I remember, for example, many years ago covering a luncheon speech given by a salesman --- perhaps I should call him a sales expert --- who analysed the perfect sales pitch for the delectation of his business audience. He expressed himself in terms that, to me, constituted a revolutionary recasting of the purposes of the English language.  Moving smoothly through the initial need for a salesman to make contact with his victim ---  sorry, proposed customer --- our man  (let’s call him George, that’s a matey sort of name),  recalled the salesman’s initial need to outline what he called “the needs creation” area of his sales call. In other words, he had to set out to persuade his interlocutor  that he needed something that until that moment he had never known he needed.  This, I guess, is the golden rule of all advertising, and it is probably why many serious dissenting analysts of our current economic status quo nominate advertising as the first thing to go in their proposed creation of a better- ordered economy. But call me naive, I had never heard it expressed in such stark terms before.
From that peak moment, George, putting two and two together,   moved seamlessly  into what he called  the “needs satisfaction area” of the call, namely that part of his spiel in which he could persuade his victim that, his hitherto unknown need having been created, the means for its satisfaction lay at hand, right there in the speaker’s suitcase.
There were many other refinements in this amazing address, items that have escaped my mind with the intervening years, but I hastened back to the office to write an amusing, and to my mind irresistibly informative piece, about the thought processes of the door-to-door salesman, so brutally expressed in words such as I had never heard before.. I was perfectly confident that my piece would receive a warm welcome from the editorial poobahs.
In a pig’s eye with that. The piece made its way to the desk of the Editor-in-chief who chuckled over it,  spiked it firmly, then took the trouble to call me in and inform me that this was not the sort of thing that any newspaper that depended on advertising should think for one moment of printing.
Ah, well, wot the hell, as I tend to say nowadays.
A similar fate met a piece I wrote, only a few days after I returned from my eight years of relative freedom as the correspondent in London, where I could write almost anything that came to mind (within reason, of course, as all reporters know, although many of them seem to think, mistakenly, that they are free actors).  I was asked to cover the opening of a super-market in one of Montreal’s northern suburbs.
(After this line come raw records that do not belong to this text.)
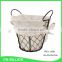 Small wire tabletop basket with liner for sundries storage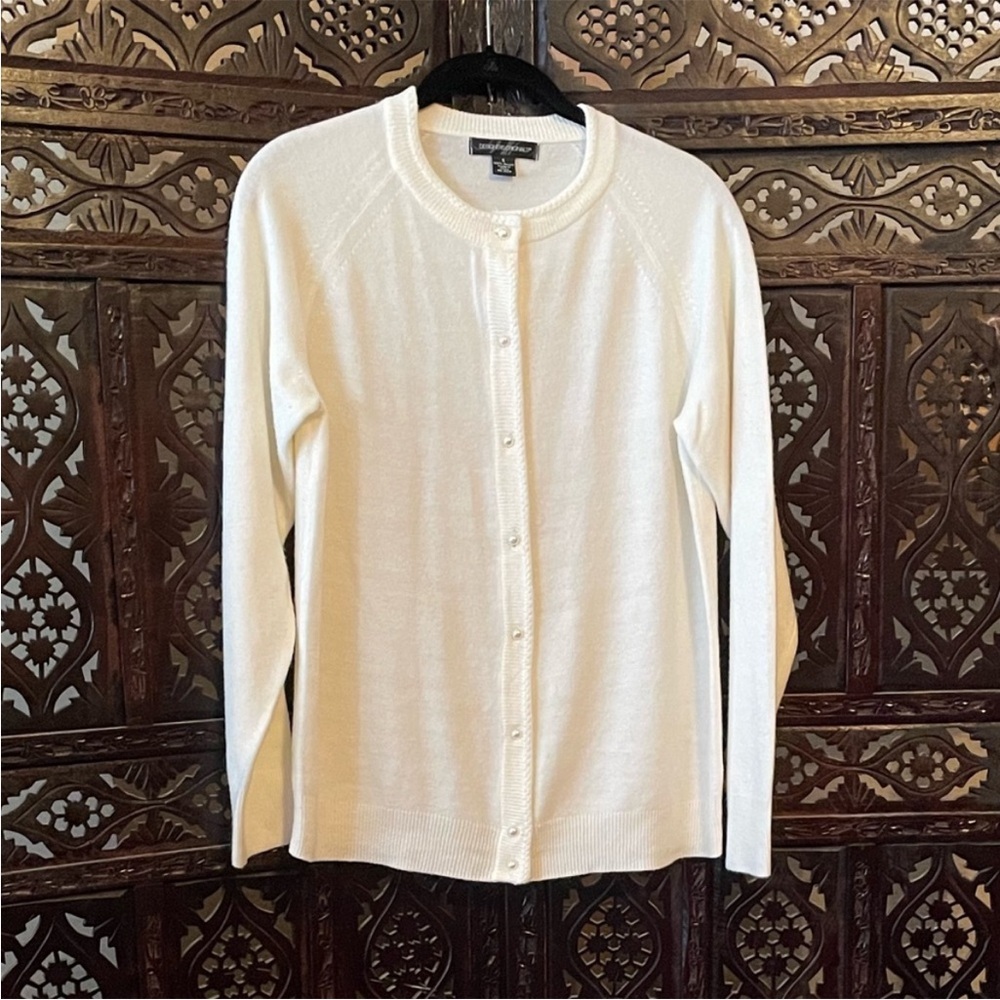 Cream Cardigan with Pearl Buttons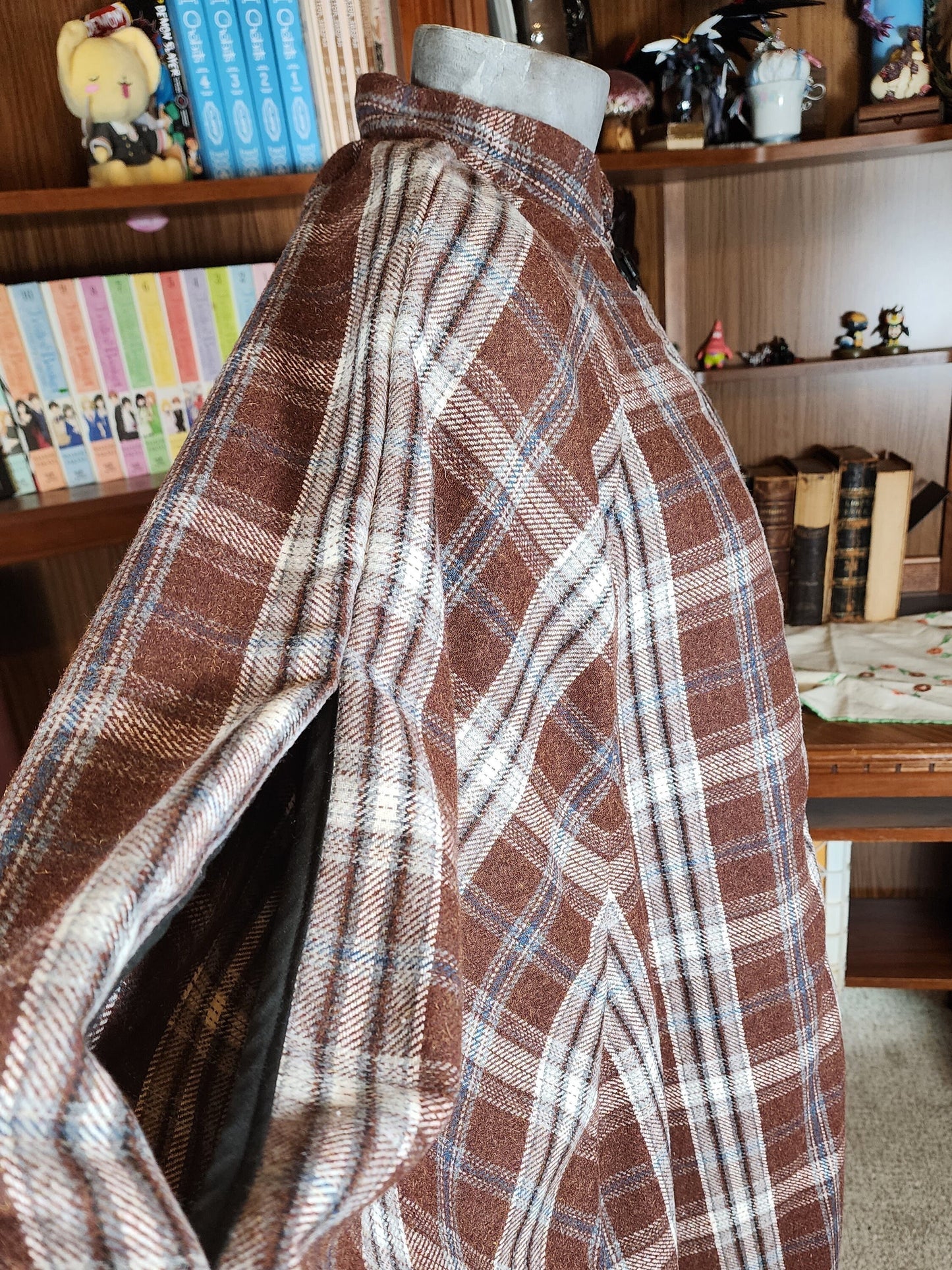 Market Day Cape- Brown Plaid Wool Blend Mid-Length Cape with Collar and Arm Slits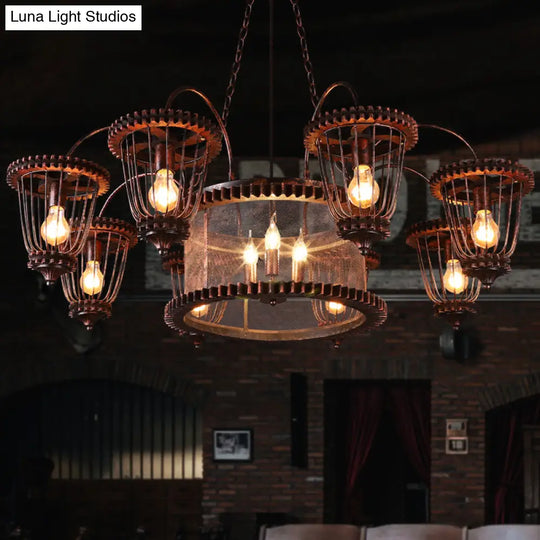 Large Cage Chandelier: Industrial Style Pendant Light Fixture In Wrought Iron With Rust Finish
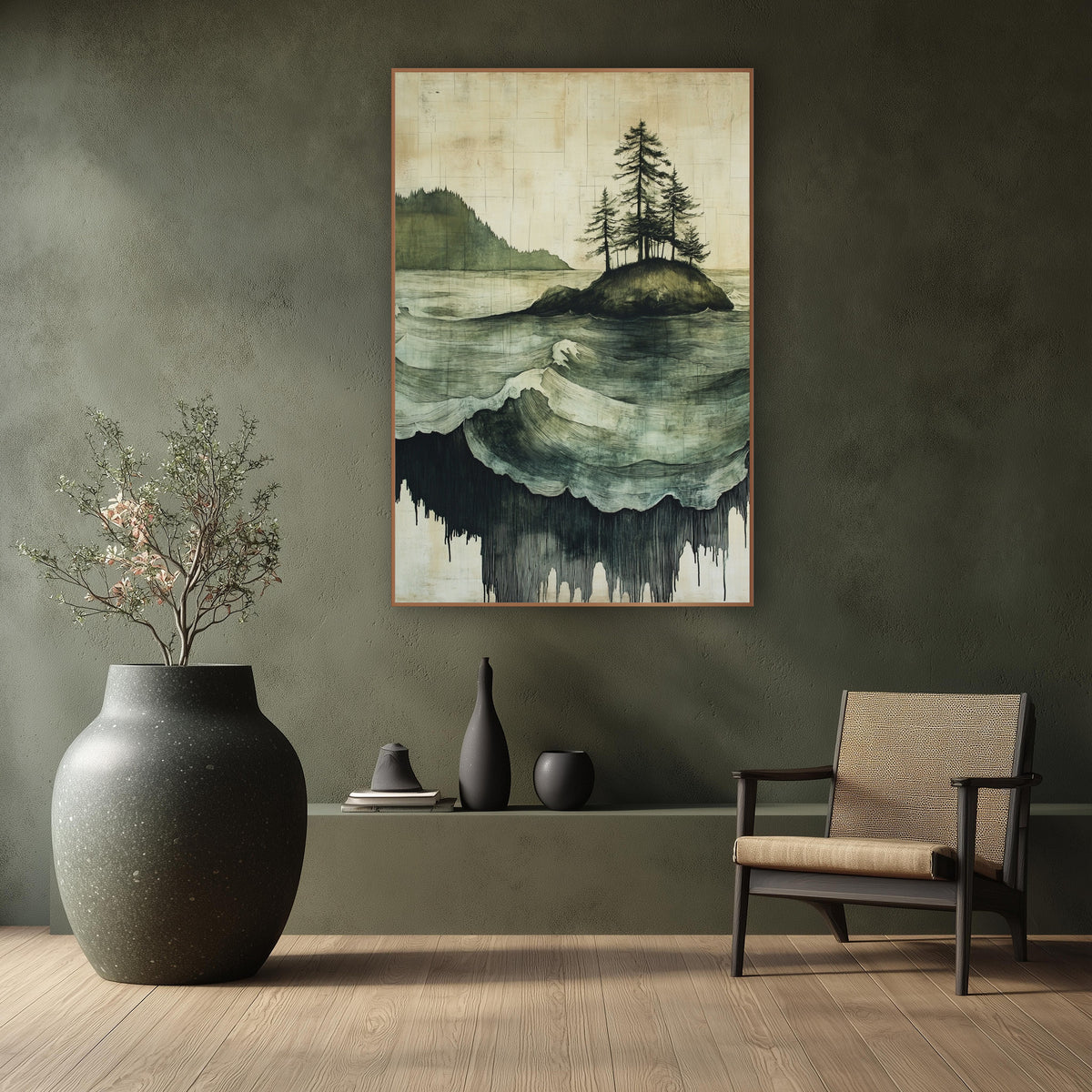 Evergreen Island Rolling Waves Japandi wall art in a calm Japandi-style room – seascape of a small rocky island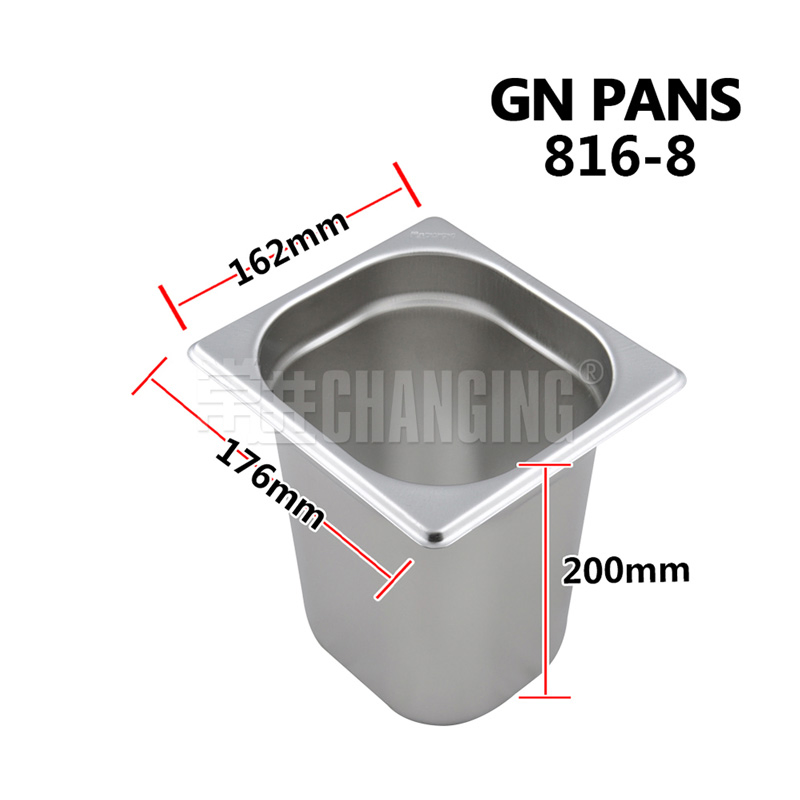 Changing Anti-Jamming Steam Pan 1/6 by 4-Inch Standard Weight Stainless Steel 1/6 Gn Pan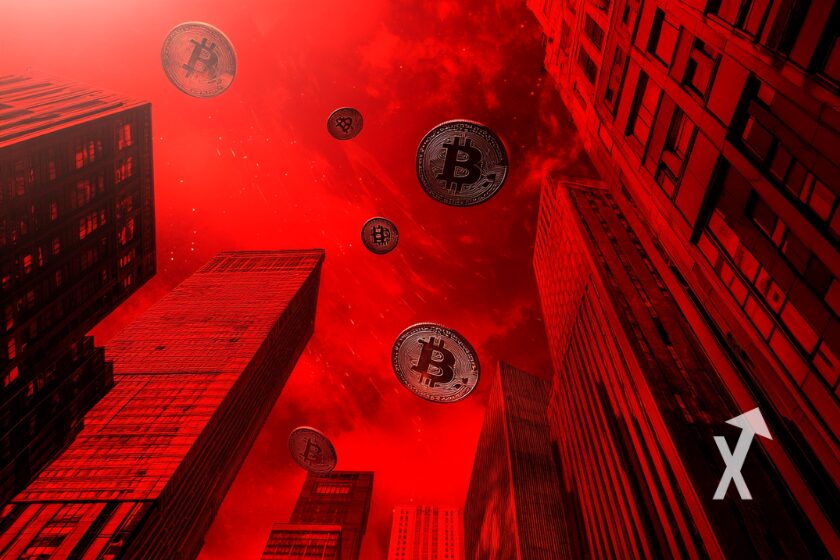 Political figure and cryptocurrency juxtaposition.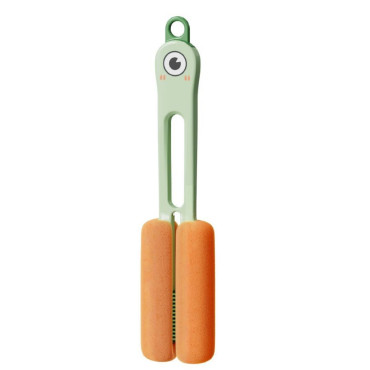 Perie de Curatat Pahare, Cani, Sticle, Cyrax, cu Maner Lung si Burete, Accesorii pentru Spalarea Paielor si Capacelor, usor de Agatat, 27.5x11.4x6cm, Verde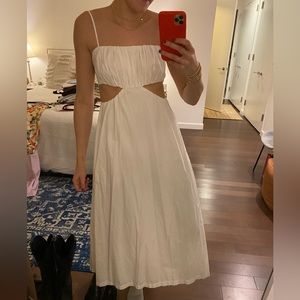 White maxi dress with side cut outs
Unaccustomed to the grandiose aspirations of Canadian mercantilism after my years in well-mannered London, I waxed eloquent over the new structure’s cathedral-like dimensions, marvelled at the amount of money devoted to its construction, and commented that this was exactly what Fidel Castro only a few days before had meant when he talked about the mindless extravagance of North American capitalism.
This time there was no warm chuckle of amusement when the Big Poobah lifted my piece from his desk and let it fall as if it were utterly worthless. “This,” he said, “….this….we cannot be seen to be critical of the very people who provide us with our income. That would be an act of extremely bad taste.” It wasn’t very long thereafter that he began to find things for me to write about elsewhere, in Alaska, where they were building oil wells, or northern Alberta,  wandering the native communities, anywhere except at home, where it seemed I might be expected to  come up with an embarrassing piece  at any time.
I can’t exactly say what is the connection, but all these reminiscences were brought on by my recent astonishment at hearing so many politicians and commentators straining themselves to the limit to make rational argument for the impulsive and implausible actions of their new President,  who is so intent on making America great again.  I even heard one enthusiast outline how the president had already proven the commentariat wrong by taking actions which have resulted in higher black employment figures  than America has ever before experienced. That Latin Americans should be worshipping at his feet because his enforced reduction of illegal immigrants has solidified the labour market for authentic legal, Latin workers, who are already beginning their elevation into the middle-class.  (I have no idea where he came up with these figures, mind you.)
I even read a piece somewhere by Yanis Varoufakis, the failed wunderkind finance minister of the Greek government, who analysed Trump’s onslaught on the global economic order as a matter of the highest significance, and presented it as if Trump, the greatest stumblebum ever elected in North America,  had thought it all out as if he were some professor of economics.  
This brought me back to something I mentioned in my recent piece  about the bumbling Doug Ford, now in charge of Ontario’s economy and well-being, which is that if some half-baked leader comes up with a lunatic idea, there is never any shortage of people who will get right behind him, and propagate his loony ideas as if  they were handed down from heaven. I guess the connection mentioned heretofore is that these leaders who have been foisted upon us by the rigged electoral system, are nothing but door-to-door salesmen, peddling their wares to the ultimate disadvantage of a gullible public.